> _Prompt_
Set down exactly the lines of the records from the top to the line containing "Nagpur traffic police"; include both.
Start of Material for this exercise
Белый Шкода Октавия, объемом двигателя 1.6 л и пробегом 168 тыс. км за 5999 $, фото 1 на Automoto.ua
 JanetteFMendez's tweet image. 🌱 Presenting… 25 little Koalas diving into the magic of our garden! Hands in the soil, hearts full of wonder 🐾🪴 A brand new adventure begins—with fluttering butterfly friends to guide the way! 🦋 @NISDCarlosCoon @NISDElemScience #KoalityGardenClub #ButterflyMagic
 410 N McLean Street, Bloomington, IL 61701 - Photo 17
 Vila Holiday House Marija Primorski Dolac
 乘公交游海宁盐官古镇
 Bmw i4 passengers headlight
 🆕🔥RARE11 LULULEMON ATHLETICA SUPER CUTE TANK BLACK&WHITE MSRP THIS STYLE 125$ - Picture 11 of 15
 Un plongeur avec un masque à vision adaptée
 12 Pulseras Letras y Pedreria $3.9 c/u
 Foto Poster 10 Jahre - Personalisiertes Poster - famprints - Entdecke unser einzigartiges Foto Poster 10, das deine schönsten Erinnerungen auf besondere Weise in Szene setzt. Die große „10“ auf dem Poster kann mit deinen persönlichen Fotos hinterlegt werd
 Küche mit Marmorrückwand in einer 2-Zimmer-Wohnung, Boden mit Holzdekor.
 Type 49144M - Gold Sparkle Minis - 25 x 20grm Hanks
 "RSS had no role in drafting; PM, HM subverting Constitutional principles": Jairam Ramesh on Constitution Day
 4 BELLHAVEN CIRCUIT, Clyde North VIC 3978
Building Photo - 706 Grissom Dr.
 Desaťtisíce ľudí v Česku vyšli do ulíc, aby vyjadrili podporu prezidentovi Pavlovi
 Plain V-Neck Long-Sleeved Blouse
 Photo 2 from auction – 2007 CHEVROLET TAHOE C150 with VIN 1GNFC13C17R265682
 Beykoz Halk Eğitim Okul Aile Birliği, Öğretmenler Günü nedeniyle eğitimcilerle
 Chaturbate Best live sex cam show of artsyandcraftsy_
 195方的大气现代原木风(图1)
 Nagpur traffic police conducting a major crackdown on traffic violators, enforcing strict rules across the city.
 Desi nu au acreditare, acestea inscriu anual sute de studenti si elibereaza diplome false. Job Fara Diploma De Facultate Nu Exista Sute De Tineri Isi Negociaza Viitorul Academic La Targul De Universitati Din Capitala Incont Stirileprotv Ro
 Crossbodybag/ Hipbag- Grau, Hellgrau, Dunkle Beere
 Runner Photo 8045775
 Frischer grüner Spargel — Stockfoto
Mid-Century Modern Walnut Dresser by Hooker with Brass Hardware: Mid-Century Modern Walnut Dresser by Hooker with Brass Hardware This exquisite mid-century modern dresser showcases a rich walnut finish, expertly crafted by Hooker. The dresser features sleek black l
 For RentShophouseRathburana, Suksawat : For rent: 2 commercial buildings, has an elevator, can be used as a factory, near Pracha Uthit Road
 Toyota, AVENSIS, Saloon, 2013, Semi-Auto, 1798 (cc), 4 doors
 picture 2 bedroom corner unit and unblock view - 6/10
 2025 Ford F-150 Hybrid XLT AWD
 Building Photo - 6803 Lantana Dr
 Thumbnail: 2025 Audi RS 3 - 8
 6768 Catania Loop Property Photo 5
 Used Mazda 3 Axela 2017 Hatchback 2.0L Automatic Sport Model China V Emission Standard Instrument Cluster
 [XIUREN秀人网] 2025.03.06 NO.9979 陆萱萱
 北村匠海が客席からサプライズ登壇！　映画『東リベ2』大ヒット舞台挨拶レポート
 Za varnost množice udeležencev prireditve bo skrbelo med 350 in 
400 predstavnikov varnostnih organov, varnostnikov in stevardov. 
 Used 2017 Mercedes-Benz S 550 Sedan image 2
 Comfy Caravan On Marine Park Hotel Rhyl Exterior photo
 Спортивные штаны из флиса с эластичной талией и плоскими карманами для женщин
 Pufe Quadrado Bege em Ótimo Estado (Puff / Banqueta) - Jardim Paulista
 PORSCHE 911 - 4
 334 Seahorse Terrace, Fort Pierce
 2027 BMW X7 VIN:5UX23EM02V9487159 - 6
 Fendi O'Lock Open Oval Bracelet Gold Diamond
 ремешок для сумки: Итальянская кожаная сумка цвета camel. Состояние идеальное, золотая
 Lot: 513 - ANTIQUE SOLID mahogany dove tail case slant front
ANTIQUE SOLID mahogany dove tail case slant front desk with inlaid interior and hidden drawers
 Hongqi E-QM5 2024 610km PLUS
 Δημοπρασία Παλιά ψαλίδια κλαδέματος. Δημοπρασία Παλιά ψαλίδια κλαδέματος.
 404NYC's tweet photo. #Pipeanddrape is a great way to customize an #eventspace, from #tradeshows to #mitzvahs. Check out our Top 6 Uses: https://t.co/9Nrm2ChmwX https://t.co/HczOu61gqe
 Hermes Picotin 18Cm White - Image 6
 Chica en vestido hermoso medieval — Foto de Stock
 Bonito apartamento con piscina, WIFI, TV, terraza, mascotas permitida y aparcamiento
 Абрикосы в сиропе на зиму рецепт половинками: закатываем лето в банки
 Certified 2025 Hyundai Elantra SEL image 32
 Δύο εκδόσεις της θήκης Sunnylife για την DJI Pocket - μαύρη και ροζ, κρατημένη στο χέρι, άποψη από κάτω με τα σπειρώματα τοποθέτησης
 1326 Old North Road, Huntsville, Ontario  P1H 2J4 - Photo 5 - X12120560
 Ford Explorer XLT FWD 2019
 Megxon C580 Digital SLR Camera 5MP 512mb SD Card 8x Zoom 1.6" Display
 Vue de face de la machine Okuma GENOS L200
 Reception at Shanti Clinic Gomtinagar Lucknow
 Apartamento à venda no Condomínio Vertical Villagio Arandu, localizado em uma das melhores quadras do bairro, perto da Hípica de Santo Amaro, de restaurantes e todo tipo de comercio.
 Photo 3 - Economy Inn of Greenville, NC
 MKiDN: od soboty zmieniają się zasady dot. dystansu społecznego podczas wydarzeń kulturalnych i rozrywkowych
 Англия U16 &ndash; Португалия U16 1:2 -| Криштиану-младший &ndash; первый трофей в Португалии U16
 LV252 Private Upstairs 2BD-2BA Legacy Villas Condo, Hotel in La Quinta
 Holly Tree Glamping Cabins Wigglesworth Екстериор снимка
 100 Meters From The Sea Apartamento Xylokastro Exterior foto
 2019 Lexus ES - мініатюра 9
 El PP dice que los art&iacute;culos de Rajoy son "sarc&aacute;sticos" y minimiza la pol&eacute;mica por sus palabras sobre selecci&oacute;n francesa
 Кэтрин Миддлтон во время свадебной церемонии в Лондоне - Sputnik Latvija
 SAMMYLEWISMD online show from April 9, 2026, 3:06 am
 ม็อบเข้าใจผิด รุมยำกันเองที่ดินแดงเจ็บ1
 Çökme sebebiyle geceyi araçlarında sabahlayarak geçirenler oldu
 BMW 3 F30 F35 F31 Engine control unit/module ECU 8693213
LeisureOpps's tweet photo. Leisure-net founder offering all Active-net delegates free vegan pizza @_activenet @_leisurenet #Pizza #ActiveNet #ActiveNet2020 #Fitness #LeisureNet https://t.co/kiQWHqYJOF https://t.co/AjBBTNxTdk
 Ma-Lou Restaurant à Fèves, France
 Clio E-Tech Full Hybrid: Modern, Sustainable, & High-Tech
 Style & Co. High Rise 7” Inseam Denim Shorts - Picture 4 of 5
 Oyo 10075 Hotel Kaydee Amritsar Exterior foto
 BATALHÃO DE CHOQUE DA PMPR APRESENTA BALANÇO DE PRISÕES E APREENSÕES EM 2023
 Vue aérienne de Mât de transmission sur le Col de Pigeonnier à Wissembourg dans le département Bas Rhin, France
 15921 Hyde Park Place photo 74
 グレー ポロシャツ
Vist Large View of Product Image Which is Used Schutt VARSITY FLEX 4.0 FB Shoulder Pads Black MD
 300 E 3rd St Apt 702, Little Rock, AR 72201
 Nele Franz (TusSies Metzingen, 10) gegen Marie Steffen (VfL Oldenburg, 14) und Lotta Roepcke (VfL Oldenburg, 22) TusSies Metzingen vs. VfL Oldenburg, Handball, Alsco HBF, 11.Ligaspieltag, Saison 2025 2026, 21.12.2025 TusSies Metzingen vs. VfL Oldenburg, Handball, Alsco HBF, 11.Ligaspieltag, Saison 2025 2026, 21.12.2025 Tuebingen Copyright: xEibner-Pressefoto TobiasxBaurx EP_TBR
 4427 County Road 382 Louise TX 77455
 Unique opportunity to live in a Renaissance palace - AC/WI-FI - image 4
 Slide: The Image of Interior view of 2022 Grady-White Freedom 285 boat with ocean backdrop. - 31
End of Material for this exercise
> _Response to this task_
Белый Шкода Октавия, объемом двигателя 1.6 л и пробегом 168 тыс. км за 5999 $, фото 1 на Automoto.ua
 JanetteFMendez's tweet image. 🌱 Presenting… 25 little Koalas diving into the magic of our garden! Hands in the soil, hearts full of wonder 🐾🪴 A brand new adventure begins—with fluttering butterfly friends to guide the way! 🦋 @NISDCarlosCoon @NISDElemScience #KoalityGardenClub #ButterflyMagic
 410 N McLean Street, Bloomington, IL 61701 - Photo 17
 Vila Holiday House Marija Primorski Dolac
 乘公交游海宁盐官古镇
 Bmw i4 passengers headlight
 🆕🔥RARE11 LULULEMON ATHLETICA SUPER CUTE TANK BLACK&WHITE MSRP THIS STYLE 125$ - Picture 11 of 15
 Un plongeur avec un masque à vision adaptée
 12 Pulseras Letras y Pedreria $3.9 c/u
 Foto Poster 10 Jahre - Personalisiertes Poster - famprints - Entdecke unser einzigartiges Foto Poster 10, das deine schönsten Erinnerungen auf besondere Weise in Szene setzt. Die große „10“ auf dem Poster kann mit deinen persönlichen Fotos hinterlegt werd
 Küche mit Marmorrückwand in einer 2-Zimmer-Wohnung, Boden mit Holzdekor.
 Type 49144M - Gold Sparkle Minis - 25 x 20grm Hanks
 "RSS had no role in drafting; PM, HM subverting Constitutional principles": Jairam Ramesh on Constitution Day
 4 BELLHAVEN CIRCUIT, Clyde North VIC 3978
Building Photo - 706 Grissom Dr.
 Desaťtisíce ľudí v Česku vyšli do ulíc, aby vyjadrili podporu prezidentovi Pavlovi
 Plain V-Neck Long-Sleeved Blouse
 Photo 2 from auction – 2007 CHEVROLET TAHOE C150 with VIN 1GNFC13C17R265682
 Beykoz Halk Eğitim Okul Aile Birliği, Öğretmenler Günü nedeniyle eğitimcilerle
 Chaturbate Best live sex cam show of artsyandcraftsy_
 195方的大气现代原木风(图1)
 Nagpur traffic police conducting a major crackdown on traffic violators, enforcing strict rules across the city.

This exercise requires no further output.